# Task to carry out:
Reproduce verbatim the line containing "Image of Wooden" and every line that follows it through the end of the entries below, omitting all pictures.

# Material provided:
★ ★ ★ ★

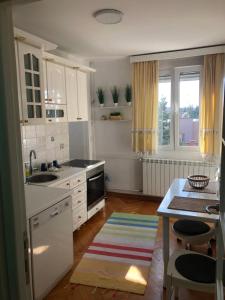 a kitchen with white cabinets and a sink and a table at Rustik Senjak in Sajmište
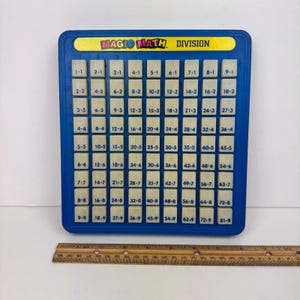 May include: A blue Magic Math Division board game with a yellow label. The board has a grid of white tiles with multiplication problems. A wooden ruler is at the bottom. The game is designed for educational purposes.
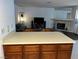 Kitchen island overlooking a living room with a stone fireplace at 2704 Otter Creek Ct # 101, Las Vegas, NV 89117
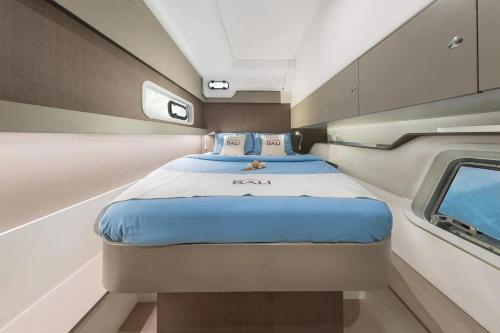 a bed in a small room with a window at Sicily by Catamaran in Palermo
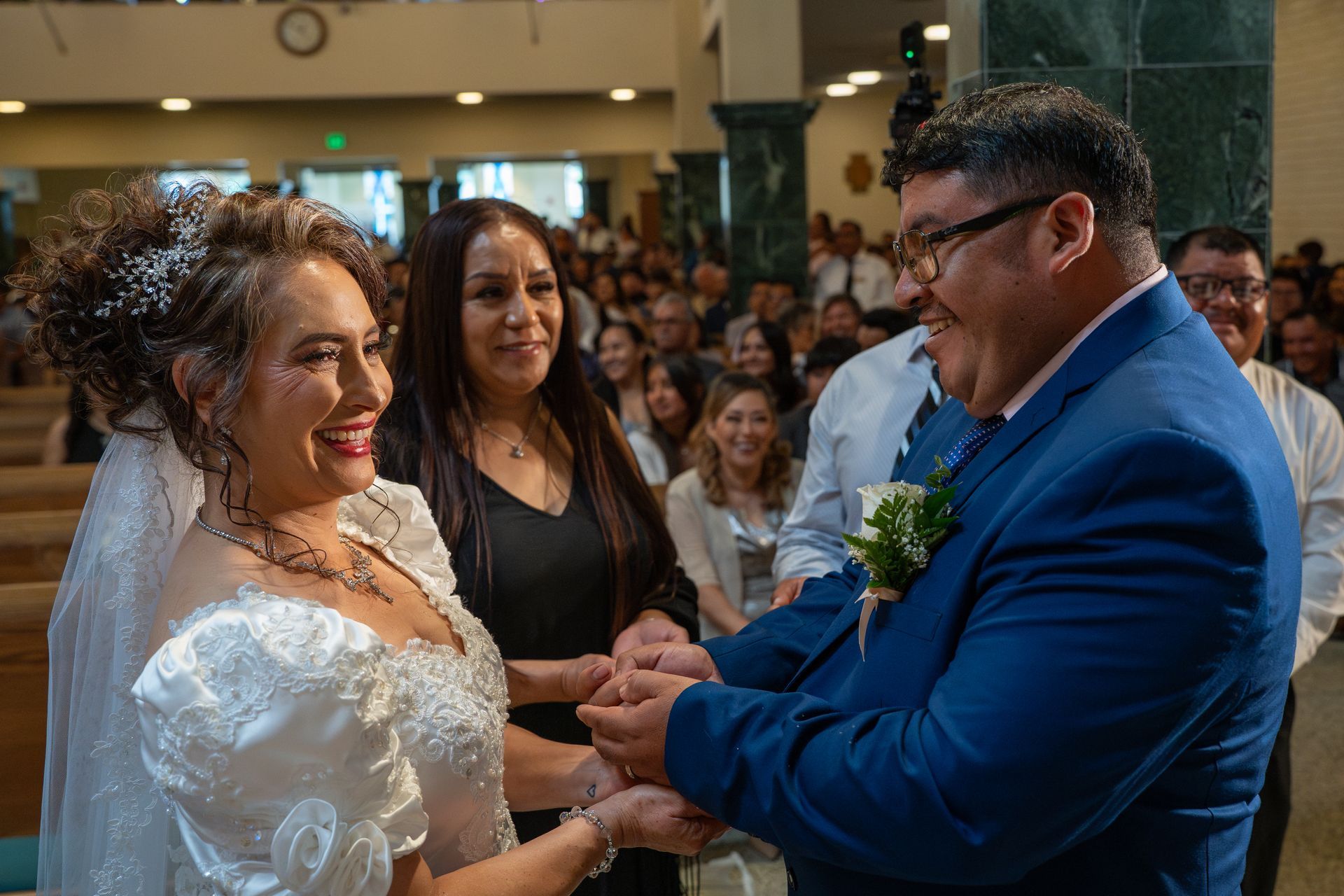 Bride smiling and holding hands with a man in a blue suit during a wedding ceremony indoors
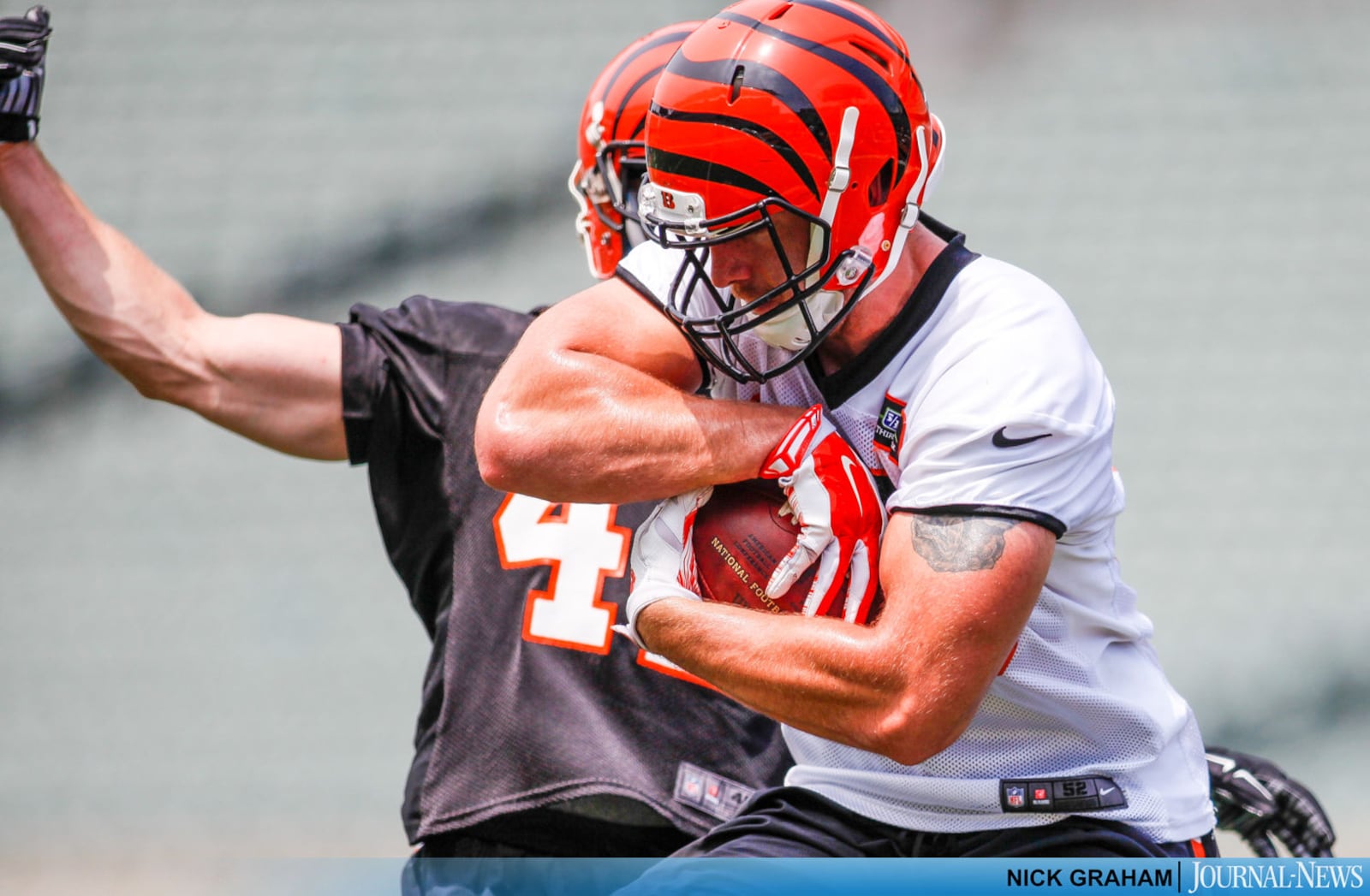 Cincinnati Bengals tight end Matt Lengel makes a catch defended by safety Clayton Fejedelem on the first day of mandatory mini camp Tuesday, June 14, 2016, at Paul Brown Stadium in Cincinnati. NICK GRAHAM/STAFF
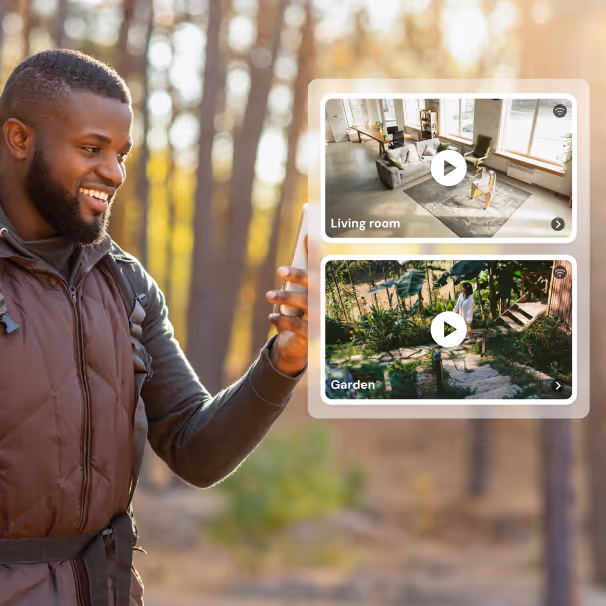Man outdoors smiling and holding phone with app screens showing living room and garden video feeds.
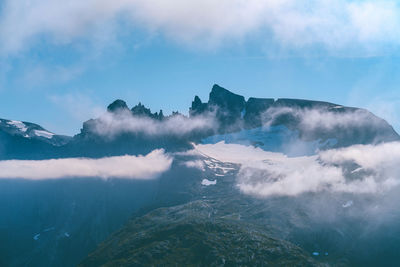 Scenic view of snowcapped mountains against clear blue sky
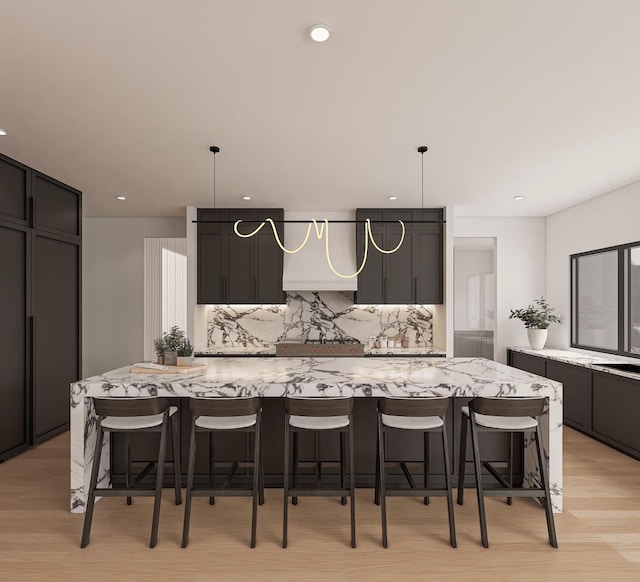 1629 Cedar Swamp Rd, Glen Head, NY 11545 - kitchen featuring tasteful backsplash, light stone countertops, a large island, and recessed lighting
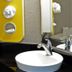 Motel 6-West Des Moines, Ia bathroom with vessel sink, chrome faucet, wall mirror and yellow shelf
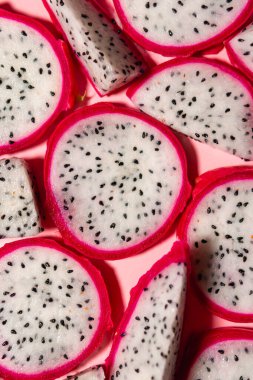 Taze beyaz pitaya dilimleri ya da pembe arka planda ejderha meyvesi, düz. Egzotik tropikal ve vejetaryen gıda kavramı.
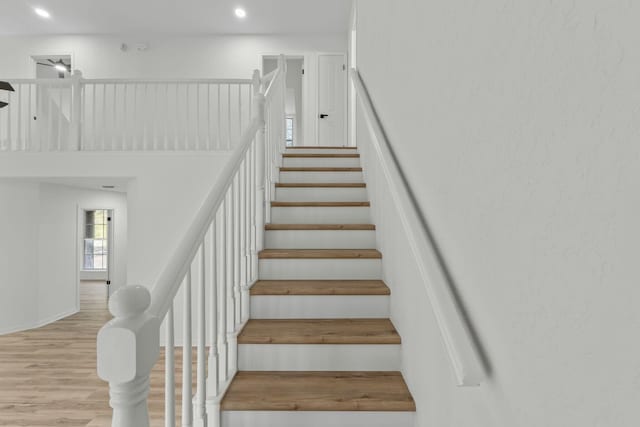 staircase featuring recessed lighting, a towering ceiling, and wood finished floors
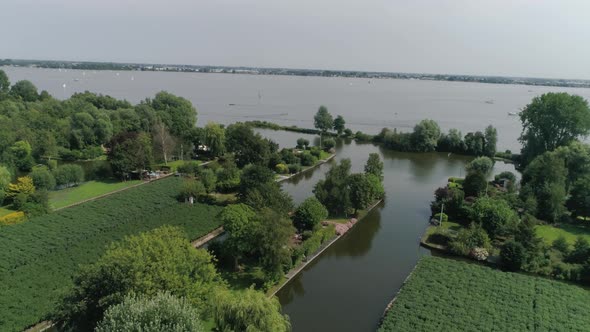 Aerial Slomo shot of Green Dutch Countryside with Small Boats, Streams and Lake, during Sunny Weathe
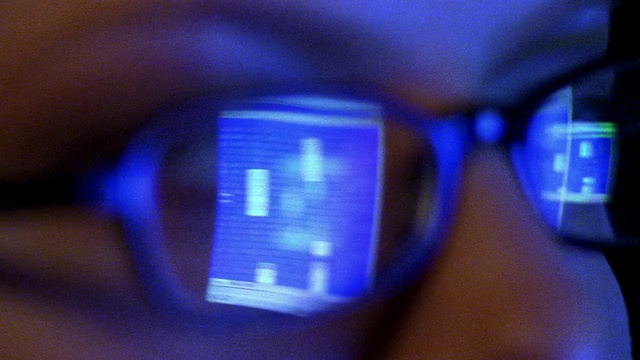 极度接近女人的脸，电脑屏幕上的电子表格反射在眼镜上视频下载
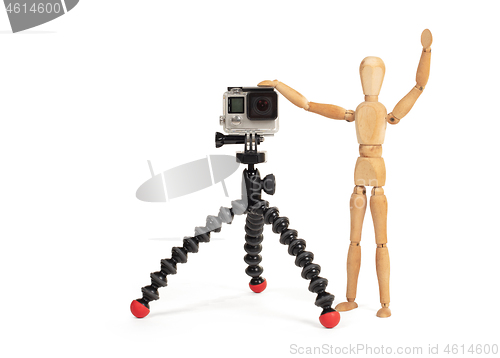 Image of Wooden dummy standing trying to make a video or photo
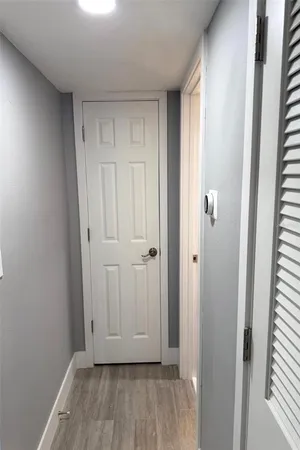 a view of room with hardwood floor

★ ★ ★ ★

# Final answer:
 Image of Wooden dummy standing trying to make a video or photo
 a view of room with hardwood floor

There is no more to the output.